═══ RECORDS FOR PROCESSING ═══

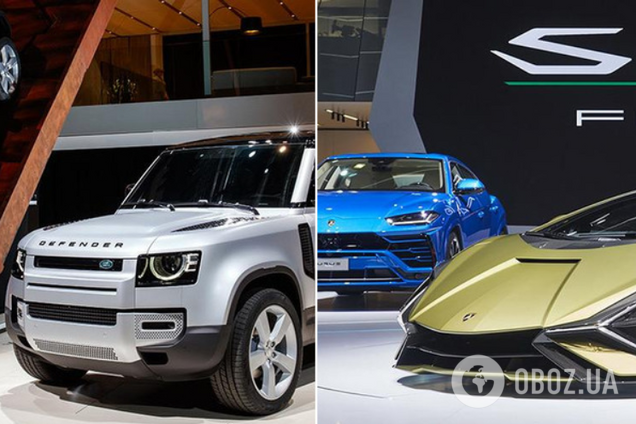 Франкфуртський автосалон: головні новинки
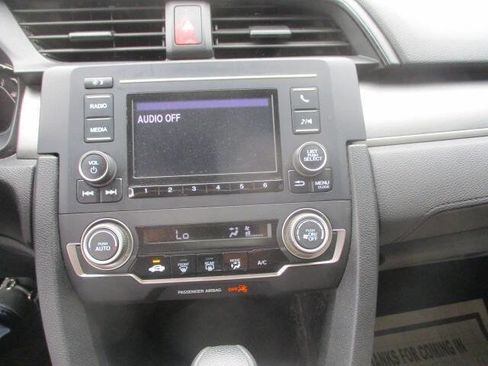 Used 2016 Honda Civic LX image 8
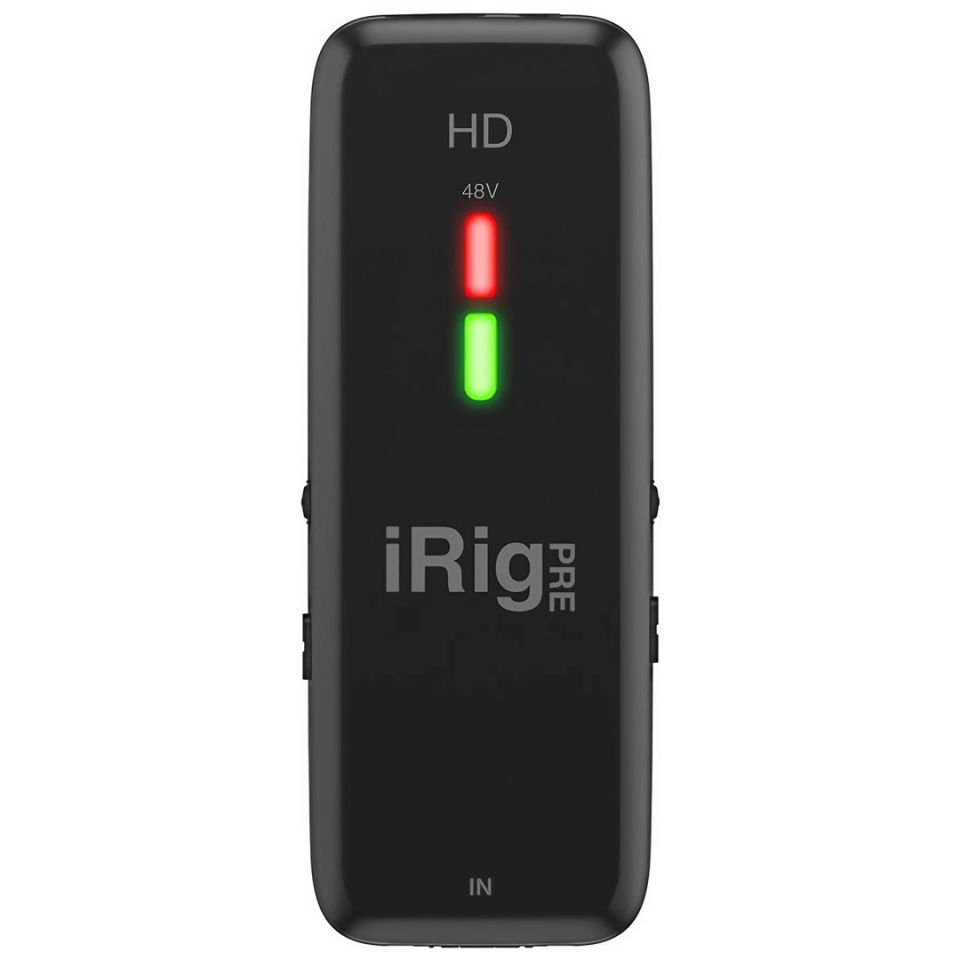iRig Pre HD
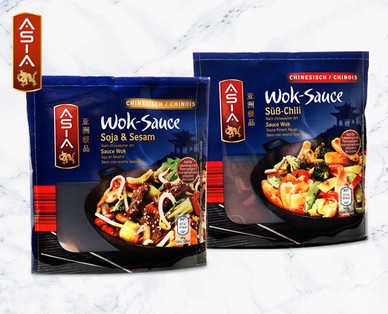 ASIA Wok-Sauce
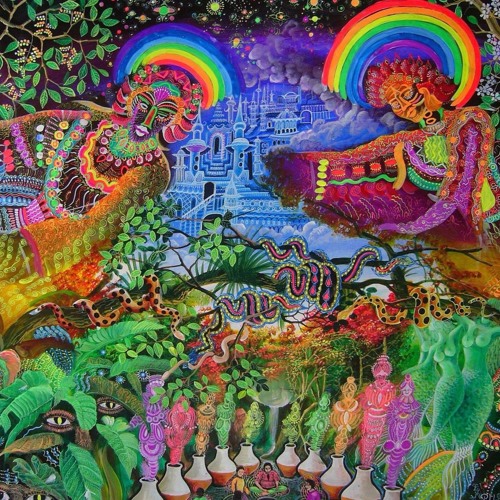 Ayahuasca Ayni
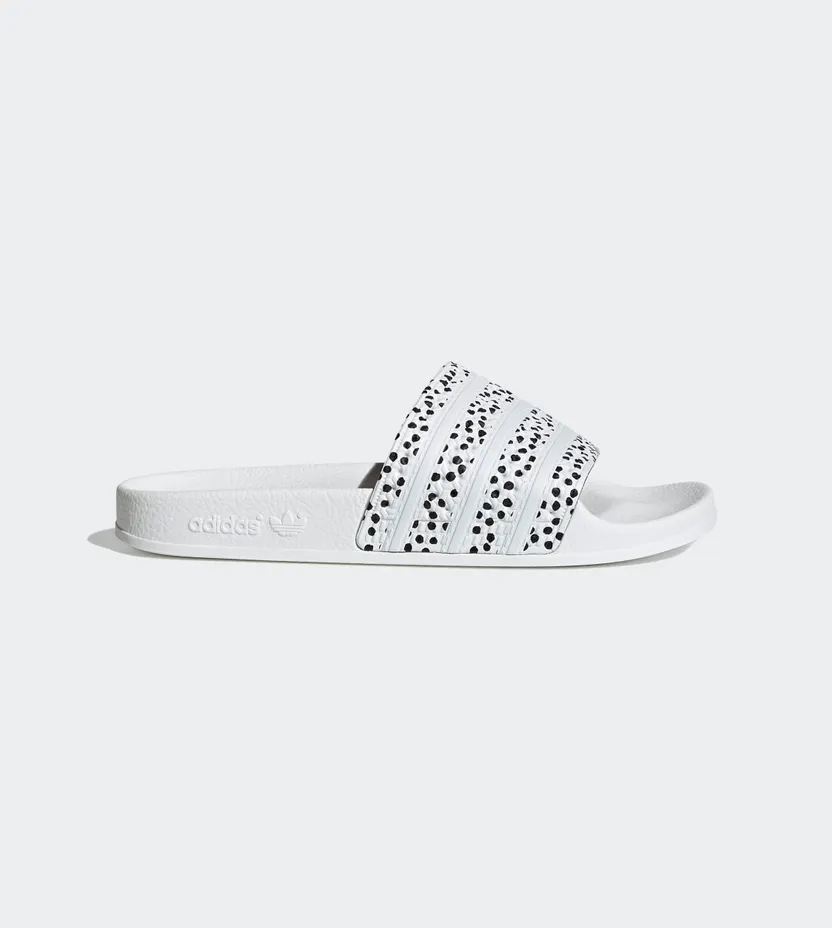 adidas adilette Badslippers Cloud White / Core Black / Cloud White (FX5922)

═══

**WORK REQUEST**
When copying the entries above, keep each word as it is and exclude any image.

**TASK RESPONSE**
 Франкфуртський автосалон: головні новинки
 Used 2016 Honda Civic LX image 8
iRig Pre HD
 ASIA Wok-Sauce
 Ayahuasca Ayni
 adidas adilette Badslippers Cloud White / Core Black / Cloud White (FX5922)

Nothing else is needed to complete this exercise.